Fu uno degli ultimi irriducibili della camorra casalese, custode di importanti segreti, ma dopo 26 anni di carcere, trascorsi gran parte sotto il regime carcerario duro, Francesco Schiavone, detto ‘Sandokan’, leader indiscusso del clan dei Casalesi, decise di collaborare con la giustizia. Lo riporta l’edizione cartacea del quotidiano “Cronache di Caserta”. Nei giorni scorsi la polizia, a quanto sappiamo, si è recata a Casal di Principe per proporre ai parenti del capoclan, tra cui il figlio Ivahnoe, di entrare nel programma di protezione, confermando la volontà di ‘Sandokan’ di collaborare con la DDA di Napoli. L’avvio del processo di collaborazione da parte di Schiavone è confermato dalla Direzione nazionale antimafia. Secondo quanto ci risulta, la decisione è stata presa nelle scorse settimane, durante le quali la Dna e la Dda di Napoli hanno svolto il lavoro con la massima discrezione.
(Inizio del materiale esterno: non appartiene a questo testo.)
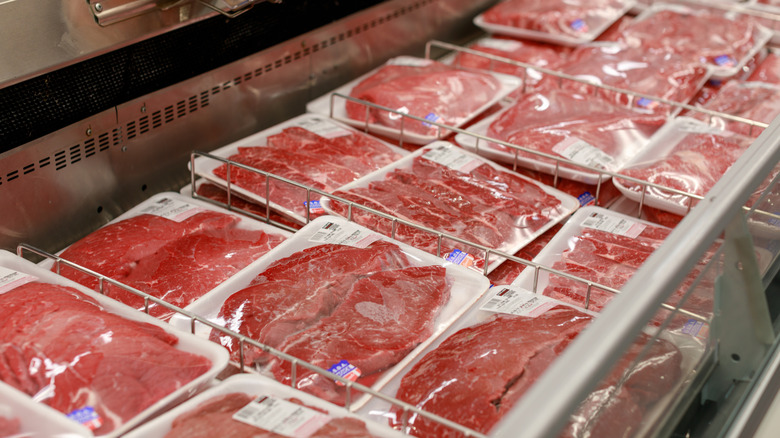 An open cooler stocked with packages of beef at Costco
Prima di lui i suoi figli si pentirono
Schiavone fu arrestato nel 1998 e condannato all’ergastolo nel maxiprocesso Spartacus e per diversi omicidi; prima di lui, il primogenito Nicola ha deciso di pentirsi nel 2018, poi il secondogenito Walter nel 2021. Restano in carcere gli altri figli Emanuele Libero, che uscirà dalla cella il prossimo agosto, e Carmine, mentre la moglie di Sandokan, Giuseppina Nappa, non è a Casal di Principe. La decisione di Sandokan potrebbe anche essere un messaggio per alcuni a non tentare di riorganizzare il clan, un modo per mettere una pietra tombale sulle aspirazioni di altri possibili successori. La collaborazione di Francesco Schiavone potrebbe far luce su alcuni misteri irrisolti, come l’uccisione del capostipite del clan Antonio Bardellino in Brasile nel 1988, o sui legami tra camorra e politica.